As I was involved in the most recent of these projects, I ran into the age-old problem of too much data. The conversion just wouldn’t run all the way through without losing data. Perhaps there are server tweaks that can make it happen. I don’t know.

All I do know is that I could never get all of the entries to convert. Out of 1600 or so entries, I was getting perhaps 600 to convert. So I needed to take action, and I decided to do so by modifying the default MT 3.16 mt-db2sql.cgi script so that I could have a few more options while running the import. Because this is based on the 3.16 script, it may not work for any version other than that one!

The first step was to fix a problem in the duplicate processing code, since I had duplicate (author) data and the 3.16 version didn’t handle it correctly (thanks Brad!). Strangely, the default script also doesn’t convert the PluginData table, so I added it in there too.

Next, I dropped the function that rebuilt all the tables every time that the script runs, as this meant I had to completely drop all the tables from the database just to try again. Immediately after this, I added it back in, because sometimes you just need it. Now it is based on a command-line parameter.

I then added support for selecting which classes (tables) you can import and also for specifying both the number of entries and the offset for reading entries, so that you can load a section of the file at a time (no timeouts, everything works – yay!). Finally I added a touch of extra information to the output, just so you can watch the progress and know how far there is to go.

These options are all command-line, so you will need to run the script from a shell. Your command-line should look something like this (run it from your main MT directory):

  perl mt-db2sql.cgi 1 MT::Author

This particular example will create the tables (that’s the 1), then load the MT::Author data. You can also specify multiple classes to load more than one at a time:

  perl mt-db2sql.cgi 0 MT::Blog,MT::Category,MT::Comment

In this example, we are not creating the tables (so now the first parameter is a 0), and then we are loading data into the MT::Blog, MT::Category and MT::Comment tables, respectively. To add other classes, simply add them to the list, separating them with a comma. Do not separate them with spaces, or you will get some odd results.

Our next example shows the loading of the MT::Entry table (table creation is still skipped because of the 0 in the first parameter), with a limit of 500 entries:

  perl mt-db2sql.cgi 0 MT::Entry 500

The final example shows the same thing, but now we’re loading the next batch of entries:

  perl mt-db2sql.cgi 0 MT::Entry 500 501

The final parameter on the command line is the offset – that is, where to start loading entries. The number should be 1 above the limit, plus any previous entries. So after the first run with a limit of 500, the offset would be 501, and after the second, 1001, then 1501, 2001, etc. If you don’t add that extra 1, you will try and load an entry twice. This may or may not work, but I suspect that even if it does work, it won’t work like you want it to work.

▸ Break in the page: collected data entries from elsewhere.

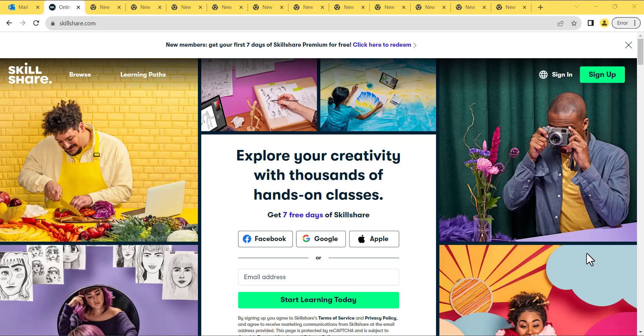Hi there! In this video, I'll show you how to get three months of Skillshare for free. Please make sure to watch the whole video, because I've got some important info to share with you. Let's dive in.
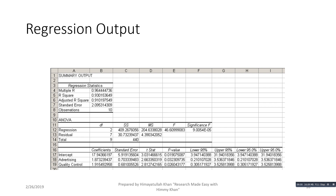The first regression statistic is Multiple R, which is the correlation coefficient between the observed values of Y and the predicted (estimated) values of Y. This correlation coefficient is 0.96, showing that the observed and predicted Y values are highly correlated. Another interpretation of Multiple R is that it is the correlation coefficient between the dependent variable and the two independent variables jointly. R-squared is 0.93, meaning 93 percent of the variation in sales revenue is explained by advertising expenditure and quality control.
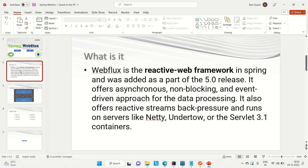So let me tell you what is WebFlux. WebFlux is a reactive web framework in Spring and it was added as part of the 5.0 release of Spring. It offers all the reactive ways of programming, like asynchronous, non-blocking and event-driven approach for data processing — concepts we discussed in the earlier Spring reactive programming video. It also offers reactive stream backpressure and runs on servers like Netty, Undertow, or Servlet 3.1 containers.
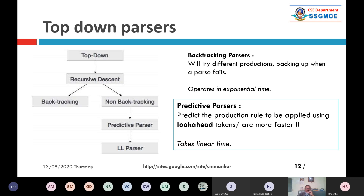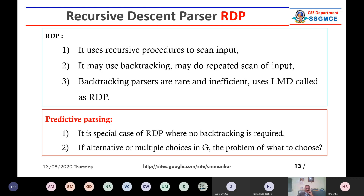Predictive parser has some inherent limitation. If you want to design a powerful programming language, you should not use a predictive parser. A recursive descent parser uses recursive procedures to scan the input, may use backtracking, may do repeated scanning, and backtracking parsers are rare and inefficient. It uses left-most derivation (LMD). That is the summary of a recursive descent parser.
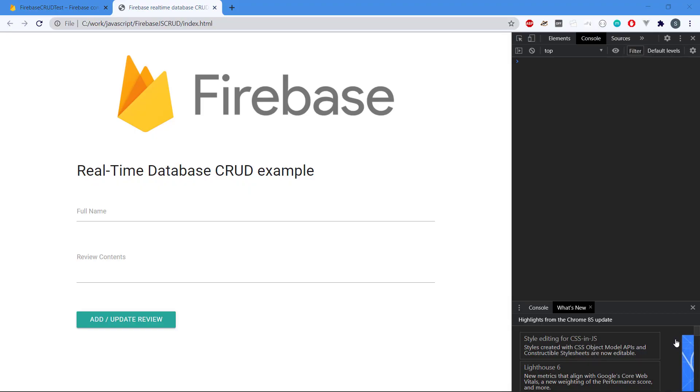Hey there and welcome to this video series about how we can make a Firebase real-time database CRUD sample application. Firebase is a NoSQL database, and I thought it might be interesting to see how easily it actually is to make a full CRUD—create, read, update, and delete—web application using this database.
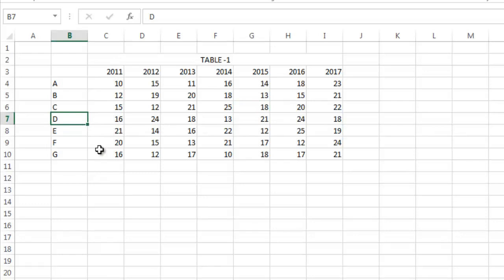And this function gives the corresponding value of that row and that column given by you. So here is the trick: there is no such function. Instead we use HLOOKUP and VLOOKUP in combination so that it solves our purposes.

You can use the script without specifying any command-line options, and it will load all classes. It is important to note that it will not create the tables if you don’t have that first parameter set to 1. So it could be used to combine multiple Berkeley blogs by running it first with a 1 (but nothing else), then running without the 1, or by setting the 1 to 0, for the next set of data.

As with other such solutions, no warranty is express or implied. I hope it helps, but if it breaks something, you are on your own. This is an advanced process, so if you aren’t familiar with the process being described, it is probably best that you don’t try it (or at least hire someone who does, to do it for you). In any case, please be careful and make sure you have backed up your data.

This updated script is made available for download with the express permission of Six Apart, the copyright holders. Please do not redistribute it and please be careful.

Comments

2 responses to “Enhanced Berkeley DB Conversions”

rene de paula jr

July 30, 2006

You saved my life. 🙂

I was almost giving up… Thank you so much!
lola Lee

September 30, 2005

I couldn’t agree more. My first blog incarnation used a Berkeley DB, and got hosed somehow when something went awry. Try as I could, I could never recover. Had quite a few posts there, as well. I’m using MySQL now.